Photo by Wout Salenbien

I

lived in a small green shoebox. It was a windowless rectangular room painted like a lime with a singular light bulb and a tin roof.

It did have a door and its own shower spigot, which was more than the rest of my host family had. Ludys, Manuel, and their daughters, Lisseth and Luisa, all shared the other bedroom in the house, separated from the living and dining area by a curtain. For showers they had a plastic pail.

I had run earlier that day, and I was tired. I ran a lot while I lived on the island; there wasn’t much else to do after dinner for a penny-saving student uninterested in going to the discotech. Some of these runs were good.

I got special treatment because I was a study abroad student; in addition to paying the family for feeding me and talking to me in Spanish, the University was renting out the green room.

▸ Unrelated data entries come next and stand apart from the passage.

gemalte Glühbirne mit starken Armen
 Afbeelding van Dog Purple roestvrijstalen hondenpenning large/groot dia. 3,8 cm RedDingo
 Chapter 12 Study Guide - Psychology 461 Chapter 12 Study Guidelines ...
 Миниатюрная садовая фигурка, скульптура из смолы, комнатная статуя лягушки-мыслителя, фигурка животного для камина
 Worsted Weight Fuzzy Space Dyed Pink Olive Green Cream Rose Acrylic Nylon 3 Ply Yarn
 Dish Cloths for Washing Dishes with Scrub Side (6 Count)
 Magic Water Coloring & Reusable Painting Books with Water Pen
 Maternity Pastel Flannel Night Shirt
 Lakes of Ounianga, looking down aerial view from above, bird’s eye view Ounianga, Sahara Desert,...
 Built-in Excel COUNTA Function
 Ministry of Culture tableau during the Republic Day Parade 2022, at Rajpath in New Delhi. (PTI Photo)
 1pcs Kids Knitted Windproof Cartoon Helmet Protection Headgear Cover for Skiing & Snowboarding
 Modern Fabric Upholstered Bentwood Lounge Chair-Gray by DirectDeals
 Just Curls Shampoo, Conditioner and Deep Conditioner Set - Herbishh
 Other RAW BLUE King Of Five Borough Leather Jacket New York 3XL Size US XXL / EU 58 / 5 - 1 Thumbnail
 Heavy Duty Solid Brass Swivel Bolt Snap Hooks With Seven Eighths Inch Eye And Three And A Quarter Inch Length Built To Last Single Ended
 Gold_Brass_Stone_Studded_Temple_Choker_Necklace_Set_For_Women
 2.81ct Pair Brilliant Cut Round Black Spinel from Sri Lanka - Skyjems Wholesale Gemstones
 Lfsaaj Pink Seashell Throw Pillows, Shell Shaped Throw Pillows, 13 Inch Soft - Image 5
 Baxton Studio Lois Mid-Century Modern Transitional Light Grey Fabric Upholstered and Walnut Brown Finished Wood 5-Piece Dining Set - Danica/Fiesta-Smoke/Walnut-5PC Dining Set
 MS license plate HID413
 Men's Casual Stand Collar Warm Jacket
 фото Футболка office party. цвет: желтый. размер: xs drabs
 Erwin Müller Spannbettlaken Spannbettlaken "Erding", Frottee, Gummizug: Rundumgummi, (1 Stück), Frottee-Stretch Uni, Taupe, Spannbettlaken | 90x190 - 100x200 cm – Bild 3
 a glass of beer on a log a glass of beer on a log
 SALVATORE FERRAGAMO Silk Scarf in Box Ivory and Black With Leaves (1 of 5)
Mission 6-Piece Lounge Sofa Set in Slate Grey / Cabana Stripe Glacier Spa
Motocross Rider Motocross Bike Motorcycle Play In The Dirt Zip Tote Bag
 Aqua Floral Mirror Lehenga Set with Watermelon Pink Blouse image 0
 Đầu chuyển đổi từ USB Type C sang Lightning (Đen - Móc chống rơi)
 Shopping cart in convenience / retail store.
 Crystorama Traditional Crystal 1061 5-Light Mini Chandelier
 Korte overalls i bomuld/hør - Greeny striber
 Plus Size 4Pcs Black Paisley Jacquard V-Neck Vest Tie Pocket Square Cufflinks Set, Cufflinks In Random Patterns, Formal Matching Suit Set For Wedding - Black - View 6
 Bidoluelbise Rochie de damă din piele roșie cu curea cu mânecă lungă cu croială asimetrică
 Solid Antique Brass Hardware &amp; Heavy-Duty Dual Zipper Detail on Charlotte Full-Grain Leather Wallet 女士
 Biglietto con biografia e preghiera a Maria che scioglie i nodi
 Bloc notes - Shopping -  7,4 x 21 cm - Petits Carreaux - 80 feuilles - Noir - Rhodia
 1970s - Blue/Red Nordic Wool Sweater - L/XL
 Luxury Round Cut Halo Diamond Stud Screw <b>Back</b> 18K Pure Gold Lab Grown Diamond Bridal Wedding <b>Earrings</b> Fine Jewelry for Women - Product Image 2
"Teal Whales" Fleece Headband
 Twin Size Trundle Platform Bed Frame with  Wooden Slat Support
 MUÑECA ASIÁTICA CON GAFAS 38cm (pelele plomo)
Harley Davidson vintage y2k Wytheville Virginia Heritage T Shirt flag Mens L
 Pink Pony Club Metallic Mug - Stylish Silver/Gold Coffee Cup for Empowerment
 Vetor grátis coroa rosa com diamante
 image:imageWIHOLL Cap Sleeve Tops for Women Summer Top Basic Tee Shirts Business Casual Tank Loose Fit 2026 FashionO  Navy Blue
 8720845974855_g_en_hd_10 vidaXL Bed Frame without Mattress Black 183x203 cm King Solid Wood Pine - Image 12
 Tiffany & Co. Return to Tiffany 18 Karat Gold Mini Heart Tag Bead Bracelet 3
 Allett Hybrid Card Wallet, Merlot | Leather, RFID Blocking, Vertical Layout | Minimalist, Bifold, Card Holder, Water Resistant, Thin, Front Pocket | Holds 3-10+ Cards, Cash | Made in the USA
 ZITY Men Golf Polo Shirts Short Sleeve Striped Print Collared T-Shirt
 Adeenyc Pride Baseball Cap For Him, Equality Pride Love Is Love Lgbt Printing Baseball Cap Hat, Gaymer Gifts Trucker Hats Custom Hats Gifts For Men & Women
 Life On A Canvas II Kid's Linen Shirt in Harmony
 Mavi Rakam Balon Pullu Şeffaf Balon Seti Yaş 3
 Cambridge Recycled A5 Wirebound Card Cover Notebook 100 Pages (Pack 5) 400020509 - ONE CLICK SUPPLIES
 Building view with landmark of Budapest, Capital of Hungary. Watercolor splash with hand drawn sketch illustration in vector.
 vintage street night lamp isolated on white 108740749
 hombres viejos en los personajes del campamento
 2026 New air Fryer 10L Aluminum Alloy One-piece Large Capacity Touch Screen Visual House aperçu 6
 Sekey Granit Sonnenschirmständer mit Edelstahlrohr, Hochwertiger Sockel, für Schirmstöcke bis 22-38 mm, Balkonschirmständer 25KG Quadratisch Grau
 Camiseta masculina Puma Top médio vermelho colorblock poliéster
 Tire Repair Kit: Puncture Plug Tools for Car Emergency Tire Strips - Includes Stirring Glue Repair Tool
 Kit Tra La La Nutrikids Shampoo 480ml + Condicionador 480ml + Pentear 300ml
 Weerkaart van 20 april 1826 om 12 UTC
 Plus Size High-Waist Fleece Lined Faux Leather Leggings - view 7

I jogged barefoot in the shadow of the Sierra Negra Volcano under a sunset red enough to make it seem active. I traced a cliff ’s edge and watched Frigate Birds glide by just ten feet from my face, regarding me out of the corners of their eyes. The water roared far below, smashing itself against the sheer promontory in reaching for my toes. I climbed a hiking trail, tripping over fat marine iguanas camouflaged on the dark rock. Once I was chased by a territorial male sea lion on a beach at night.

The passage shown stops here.